Preacher Jake said a few more words. Unless the pastor went off on a long list of Eustian’s slights and trespasses and the many, many injustices and wrongs that this one man had committed against the good folks of Hope Rock County, there wasn’t much left for Jake to say. He recited a few verses of scripture.
“Ashes to ashes. Dust to dust. We commend your spirit to this ground. May you rest in peace, Eustian Singlepenny.”
“Amen,” said Hadley and Beanie.
Beanie looked around.
“What’s the matter?” Hadley asked.
“I was just looking for a shovel,” Beanie said.
“Come on, Bean,” Hadley said, “let’s see if we can get this old truck in gear. You and I have a date at The Creamery. Remember?”
“Yeah, Hadley. That’s right. We do.”
“But first, I’ve got to drop off these overdue books to Miz Anna down at the library.”
Chapter Fifteen
r /> Hadley parked the truck in front of the library.
“Beanie,” she said, “do you want to go in with me or wait out here.”
“I’ll wait here, if you don’t mind, Hadley,” Beanie said. “All them books in Miz Anna’s library sitting on them shelves staring me in the face make me feel dumber than a tree frog yodeling in a cricket choir.”
“Beanie,” Hadley said, “those books aren’t there to make people feel dumb. They are resources. They are symbols of knowledge waiting to teach hungry souls who thirst after their treasures. All those choices, all those words, all those pages.”
“Really,” Beanie said. “Boy, Hadley. You must go treasure hunting a lot.”
“No. I haven’t darkened the door to Miz Anna’s library in ages. Harry was the bookworm in the family. Not me. He wanted me to get a computer, an iPad, anything that would bring me into the Internet Age. But I refused. I’m an old stick in the mud.
“He never mentioned it again, even though he used those gadgets in his job all the time. When I think about it, Bean, Harry was a lot like me. We were just two old sticks.
“Even though he was connected, as they say, he still loved his books and newspapers. I think Harry liked the feel of real paper pages between his fingers. I think Harry liked going old school, every now and then. That’s why he was always paying Miz Anna a visit. But you do have a point. Maybe I need to start visiting Miz Anna more often. Keep the old brain cells hitting on all cylinders.”
“My brain cells are just fine,” Beanie said. “Trying to read all them pages Miz Anna’s got in that place would give me a my-brain headache. Not to mention wearing out my eyes.”

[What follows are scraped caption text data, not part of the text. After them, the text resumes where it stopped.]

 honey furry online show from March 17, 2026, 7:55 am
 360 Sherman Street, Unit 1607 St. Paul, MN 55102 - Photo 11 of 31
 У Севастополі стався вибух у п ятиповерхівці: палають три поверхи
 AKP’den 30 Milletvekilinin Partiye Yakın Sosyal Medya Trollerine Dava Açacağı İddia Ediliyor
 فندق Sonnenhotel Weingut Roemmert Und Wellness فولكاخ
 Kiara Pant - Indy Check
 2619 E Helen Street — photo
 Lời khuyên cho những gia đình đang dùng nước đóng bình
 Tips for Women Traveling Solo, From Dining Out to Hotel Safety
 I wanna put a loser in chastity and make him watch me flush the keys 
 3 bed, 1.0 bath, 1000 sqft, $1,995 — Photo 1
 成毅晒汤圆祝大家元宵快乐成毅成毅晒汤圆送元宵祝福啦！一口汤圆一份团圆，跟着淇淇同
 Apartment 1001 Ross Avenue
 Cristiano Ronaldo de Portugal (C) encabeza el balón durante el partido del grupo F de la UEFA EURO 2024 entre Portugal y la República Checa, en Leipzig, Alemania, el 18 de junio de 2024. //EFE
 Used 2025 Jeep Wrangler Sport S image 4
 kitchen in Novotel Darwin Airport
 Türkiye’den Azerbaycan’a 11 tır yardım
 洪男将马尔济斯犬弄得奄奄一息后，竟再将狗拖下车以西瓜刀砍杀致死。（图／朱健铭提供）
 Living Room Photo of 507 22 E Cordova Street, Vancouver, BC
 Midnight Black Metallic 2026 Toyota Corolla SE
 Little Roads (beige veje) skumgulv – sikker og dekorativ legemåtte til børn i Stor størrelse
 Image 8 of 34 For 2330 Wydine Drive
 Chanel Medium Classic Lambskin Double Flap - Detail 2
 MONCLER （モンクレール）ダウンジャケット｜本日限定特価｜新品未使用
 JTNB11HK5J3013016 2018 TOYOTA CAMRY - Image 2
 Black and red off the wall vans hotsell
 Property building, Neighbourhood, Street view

“Now, Beanie, if I were going to read all of the books Miz Anna has in that library, I’d wear my eyes out, too. But here’s how it works: you pick and choose. A couple books here. A couple later.
“That’s how Harry did it.
“Gives the old eyeballs time to rest and the my-brain time to go away. And that’s why we’re here. I’m going to say ‘howdy’ to Miz Anna. These are books Harry signed out before he died. I found them when Onus and I were cleaning out some stuff in the attic.”